▸ **What needs to be done**: Each record below is to be copied word for word, with pictures removed.
[[ Data listing open ]]
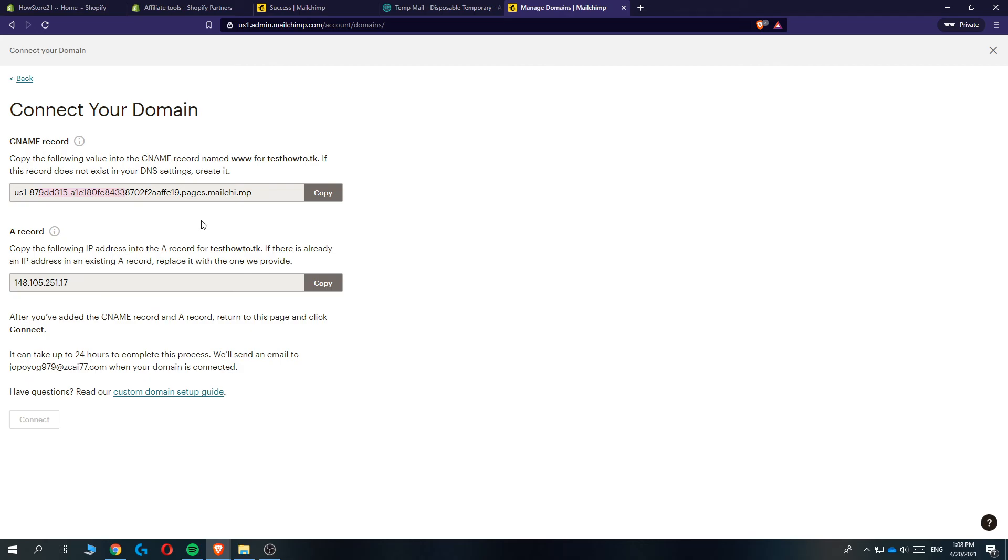till it gets approved. And then you've successfully connected your domain. If this video helped you out, please leave a like, please subscribe, and see you next time.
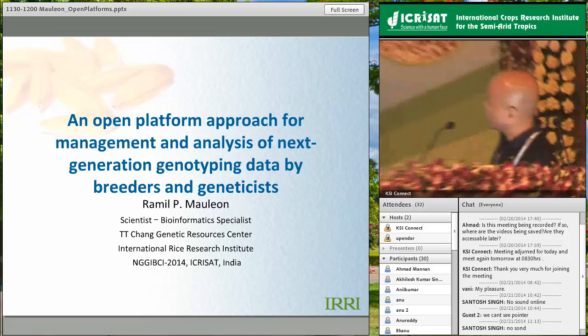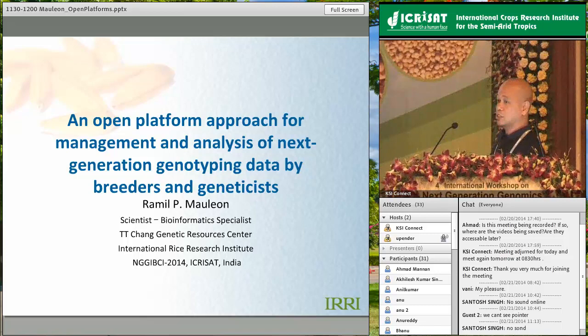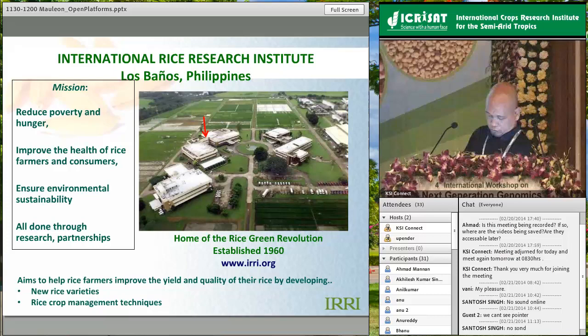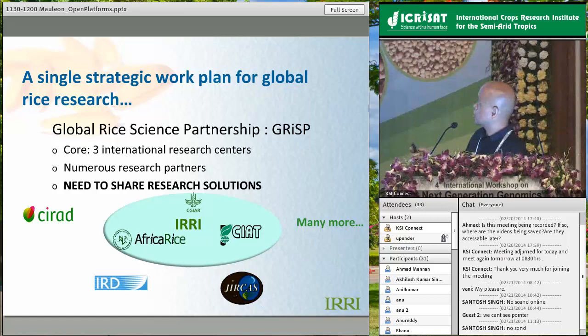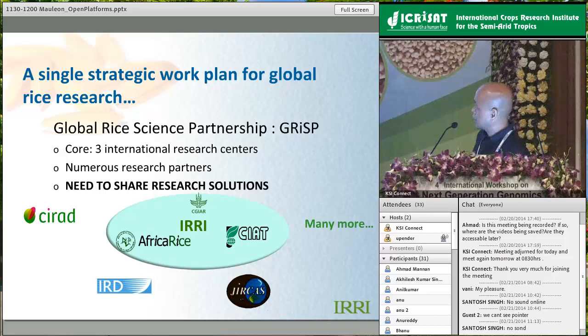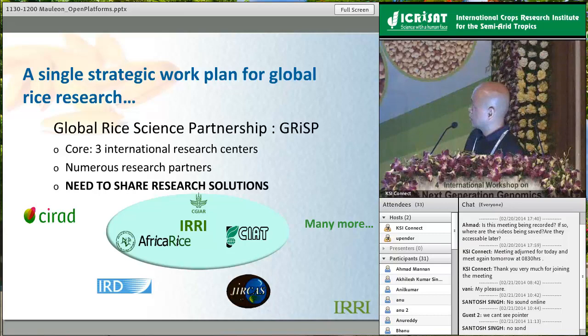This is a busy slide about IRRI, just showing where we are situated - we have field plots for rice and our research cluster. It's quite an old institution in the CG system. There is now a single strategic work plan for global rice research known as GRISP - the Global Rice Science Partnership. At the core are three CG centers: Africa Rice, IRRI, and CIAT, along with numerous research partners.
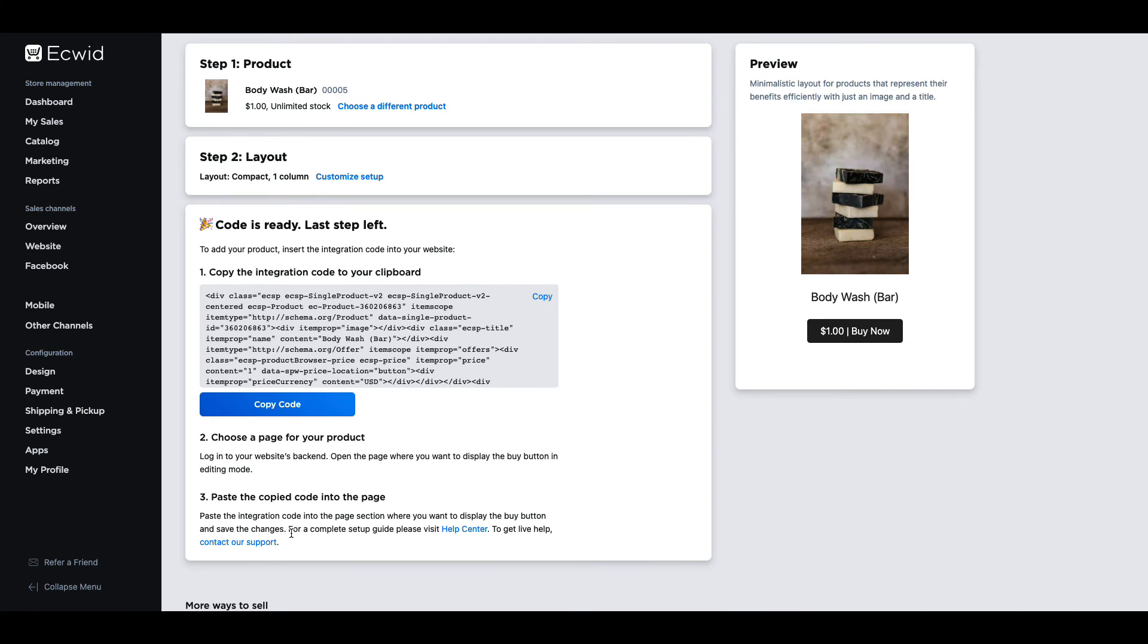This will generate the HTML code for the buy now button which you then need to add to the website by going to the HTML editor and pasting it in the correct place. If you need help with how to do this you can check your web designer's help page or contact them.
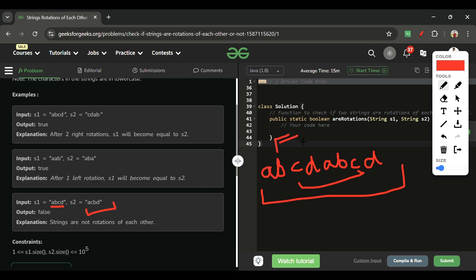Same idea for 'aab': concatenate to get 'aabaab', then check if 'aba' is present — yes it is — so we simply return true.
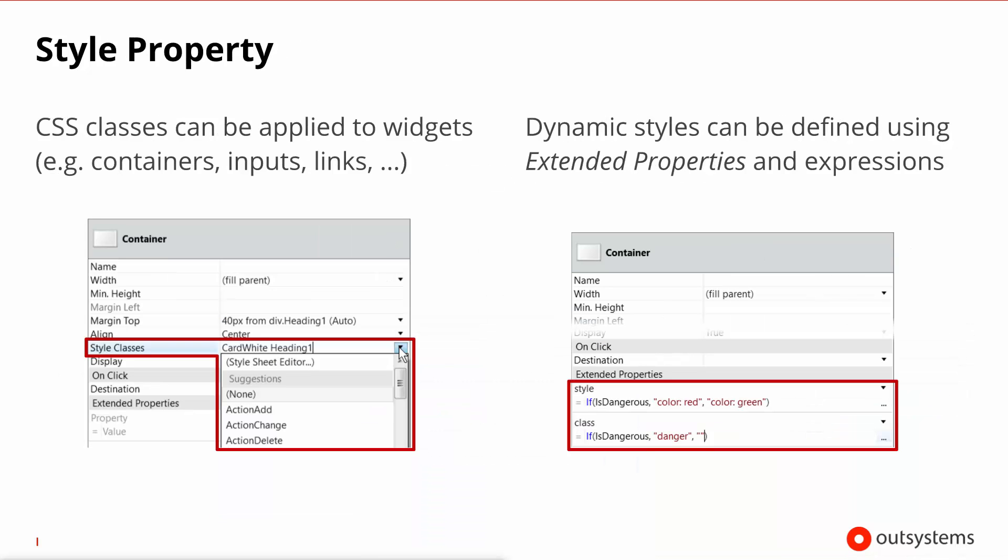So, you've defined your style sheets. How do you then actually go about using the styles that are defined in there? The simplest way really is to use the style classes property on your widget. There, using the dropdown, you can select any of the rules that you've created in your style sheets. Should you want to apply more than one rule to the same element, you can separate them using a space.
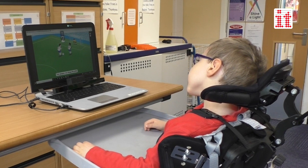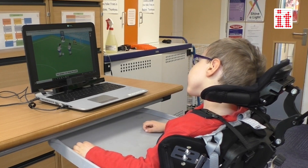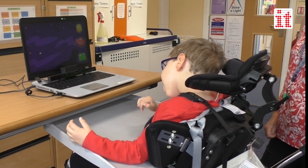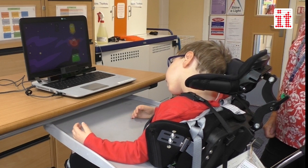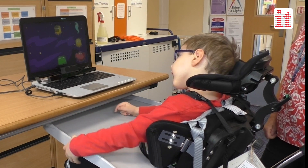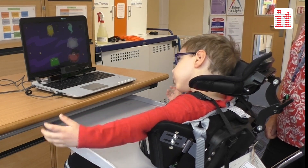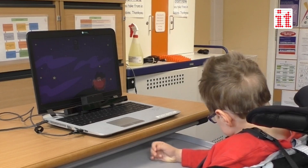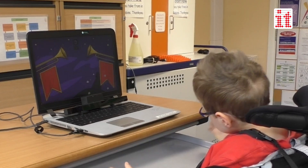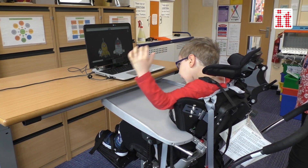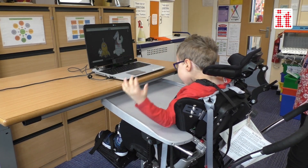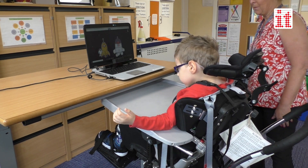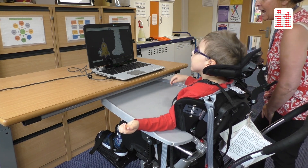With Skyl for Windows, learners can play, learn and participate in classroom activities and develop their eye gaze skills at their own pace. An ideal solution for learners with severe and complex needs and learning difficulties, Skyl for Windows is suitable for users with a wide range of special educational needs.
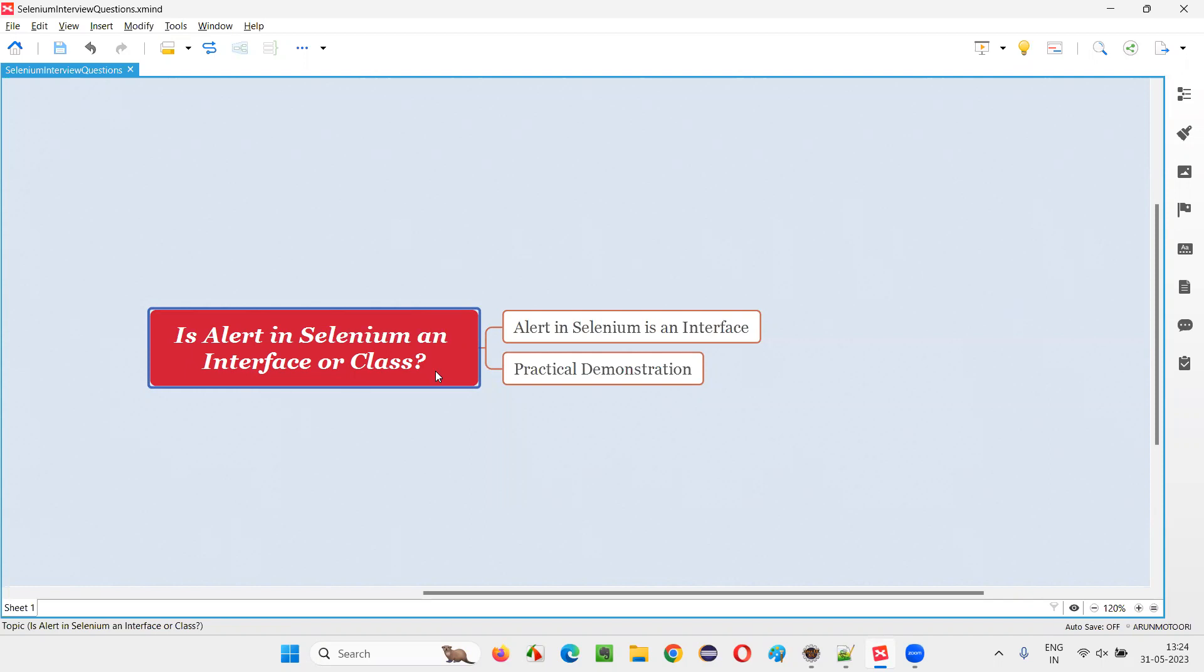Let me answer. Alert in Selenium is an interface. It's not a class. Instead, it is a predefined interface.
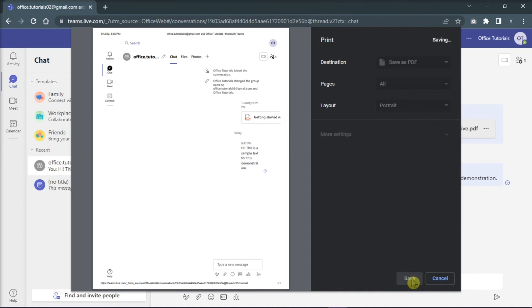And those are the workarounds that you can try when you want to export Microsoft Teams chat history. If you found this video helpful, kindly like and subscribe. You may also click and turn on the notification bell so you can be notified whenever we release new videos.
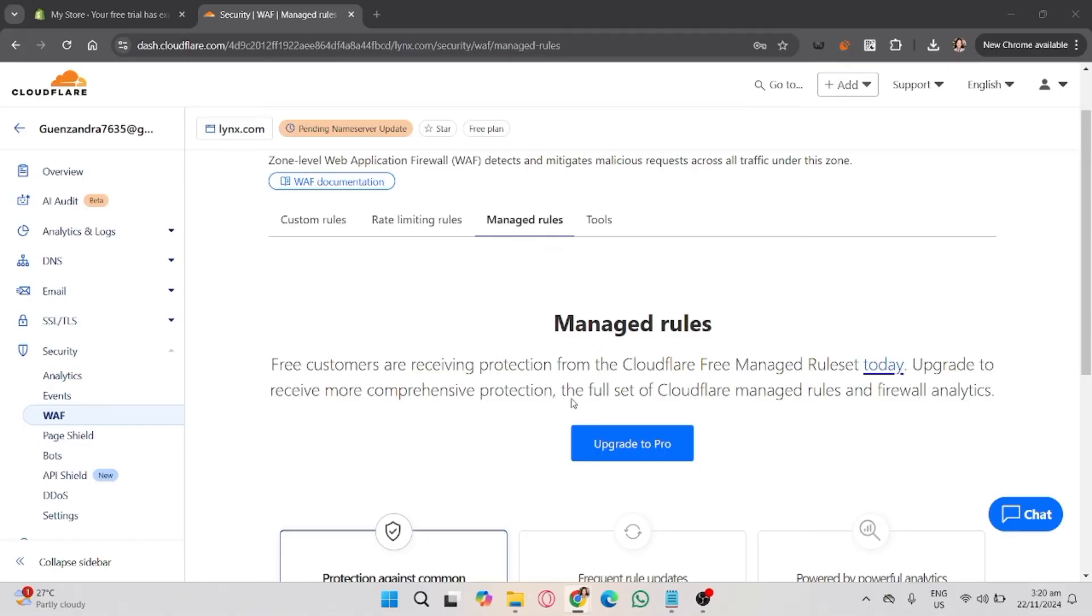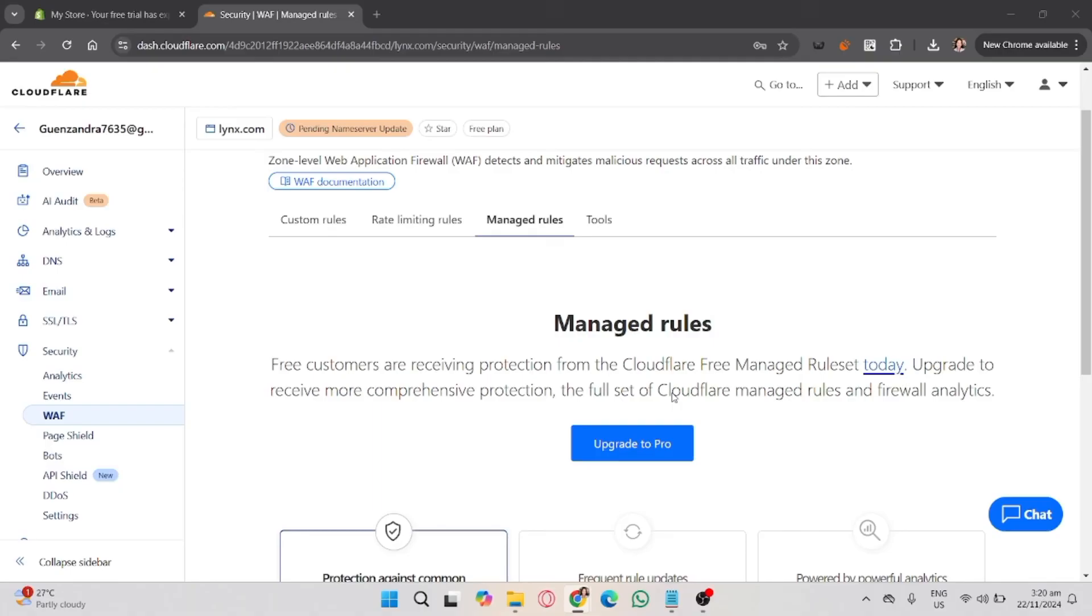And then it's done. Open a browser or ask someone who experienced a challenge to access the website again. If configured correctly, they should no longer face challenges. So that's how you unblock challenges in Cloudflare.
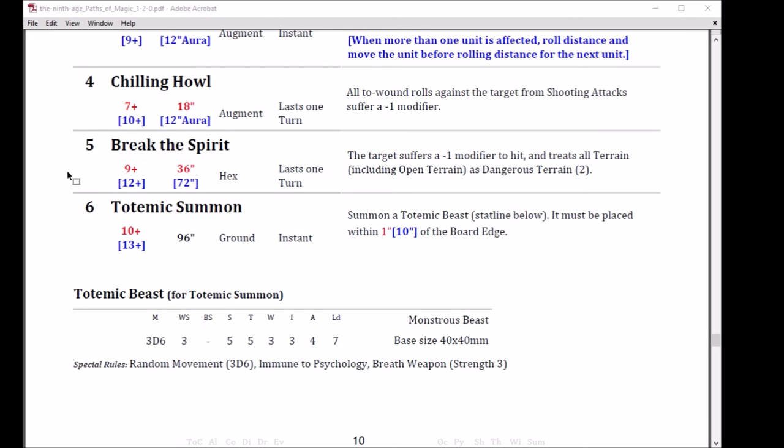So it summons a beast. The beast, Totemic Beast, has a random movement with 3d6. It has immune to psychology and a breath weapon strength 3. It's only a weapon skill 3, but it's strength 5, toughness 5, 3 wounds, 3 initiative, 4 attacks, and 7 leadership. And a breath weapon strength 3, random movement 3d6. It's a free unit. It's a free unit, and this unit is good. Did I mention it's a free unit?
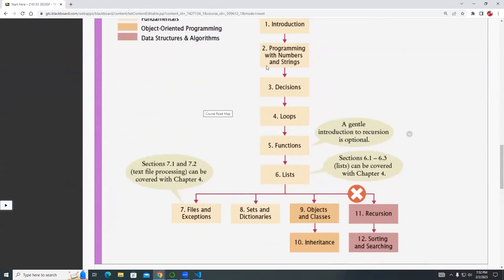Thus far, we finished chapter one and chapter two, where you did some simple programming using strings and numbers for the last two assignments. Today we'll look at chapter three, which is a complete chapter covering decisions. The decision in this case is that diamond shape we've been looking at in your flowchart.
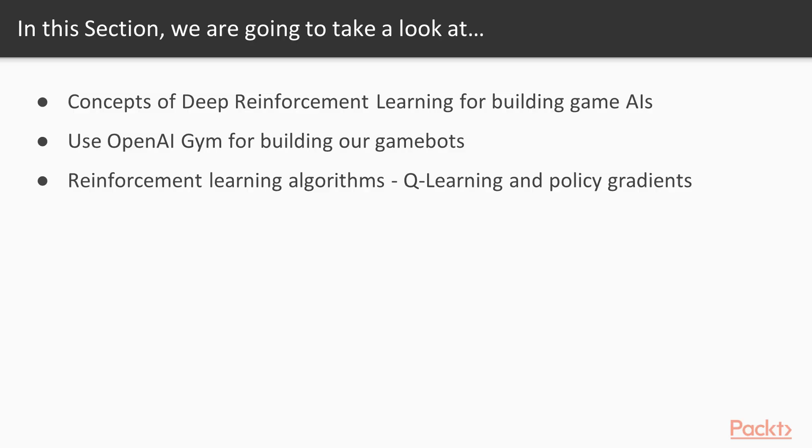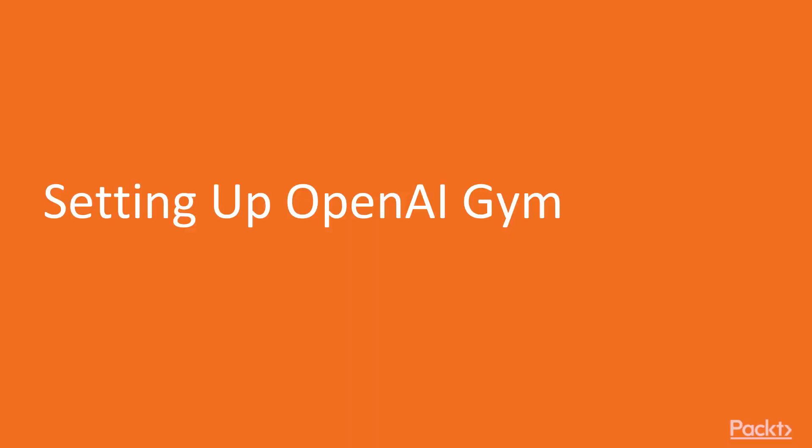In this section, we are going to take a look at the concept of Deep Reinforcement Learning for Building Game AIs. We shall use OpenAI Gym for building our game bots and we shall talk about Reinforcement Learning algorithms such as Q-Learning and Policy Gradients.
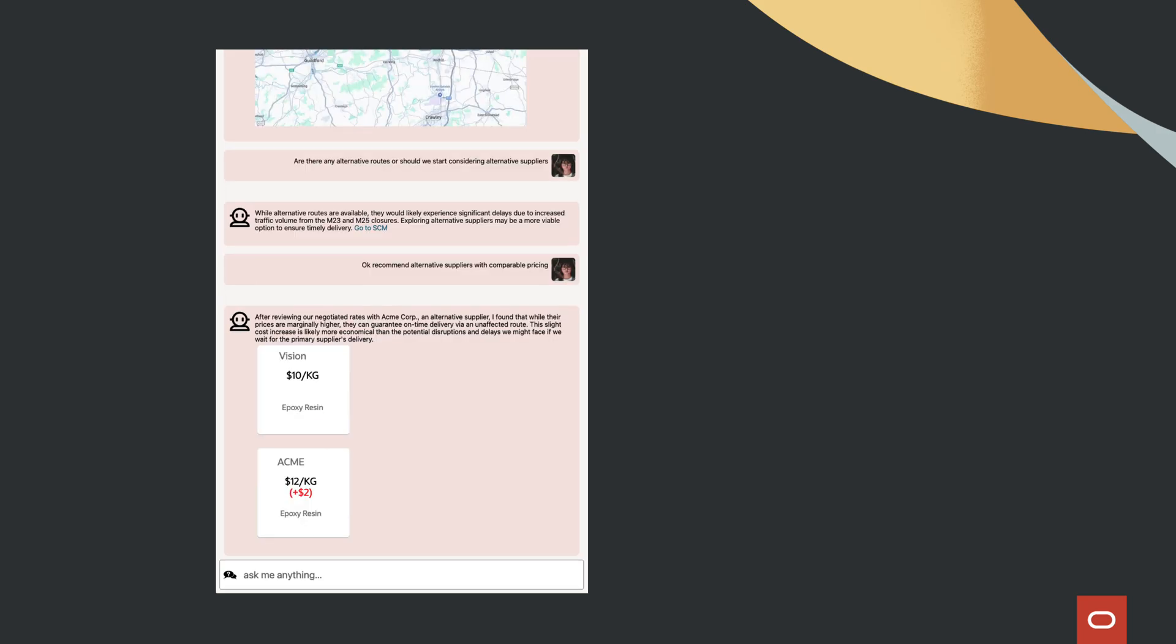By integrating AI into your SCM and conversational interfaces, you gain a powerful tool to navigate disruptions, optimize costs, and ensure a resilient and efficient supply chain.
[[ Data listing closed ]]
▸ **Completed exercise**:
till it gets approved. And then you've successfully connected your domain. If this video helped you out, please leave a like, please subscribe, and see you next time.
This is a busy slide about IRRI, just showing where we are situated - we have field plots for rice and our research cluster. It's quite an old institution in the CG system. There is now a single strategic work plan for global rice research known as GRISP - the Global Rice Science Partnership. At the core are three CG centers: Africa Rice, IRRI, and CIAT, along with numerous research partners.
This will generate the HTML code for the buy now button which you then need to add to the website by going to the HTML editor and pasting it in the correct place. If you need help with how to do this you can check your web designer's help page or contact them.
Same idea for 'aab': concatenate to get 'aabaab', then check if 'aba' is present — yes it is — so we simply return true.
So, you've defined your style sheets. How do you then actually go about using the styles that are defined in there? The simplest way really is to use the style classes property on your widget. There, using the dropdown, you can select any of the rules that you've created in your style sheets. Should you want to apply more than one rule to the same element, you can separate them using a space.
With Skyl for Windows, learners can play, learn and participate in classroom activities and develop their eye gaze skills at their own pace. An ideal solution for learners with severe and complex needs and learning difficulties, Skyl for Windows is suitable for users with a wide range of special educational needs.
Let me answer. Alert in Selenium is an interface. It's not a class. Instead, it is a predefined interface.
And those are the workarounds that you can try when you want to export Microsoft Teams chat history. If you found this video helpful, kindly like and subscribe. You may also click and turn on the notification bell so you can be notified whenever we release new videos.
And then it's done. Open a browser or ask someone who experienced a challenge to access the website again. If configured correctly, they should no longer face challenges. So that's how you unblock challenges in Cloudflare.
So it summons a beast. The beast, Totemic Beast, has a random movement with 3d6. It has immune to psychology and a breath weapon strength 3. It's only a weapon skill 3, but it's strength 5, toughness 5, 3 wounds, 3 initiative, 4 attacks, and 7 leadership. And a breath weapon strength 3, random movement 3d6. It's a free unit. It's a free unit, and this unit is good. Did I mention it's a free unit?
Thus far, we finished chapter one and chapter two, where you did some simple programming using strings and numbers for the last two assignments. Today we'll look at chapter three, which is a complete chapter covering decisions. The decision in this case is that diamond shape we've been looking at in your flowchart.
In this section, we are going to take a look at the concept of Deep Reinforcement Learning for Building Game AIs. We shall use OpenAI Gym for building our game bots and we shall talk about Reinforcement Learning algorithms such as Q-Learning and Policy Gradients.
By integrating AI into your SCM and conversational interfaces, you gain a powerful tool to navigate disruptions, optimize costs, and ensure a resilient and efficient supply chain.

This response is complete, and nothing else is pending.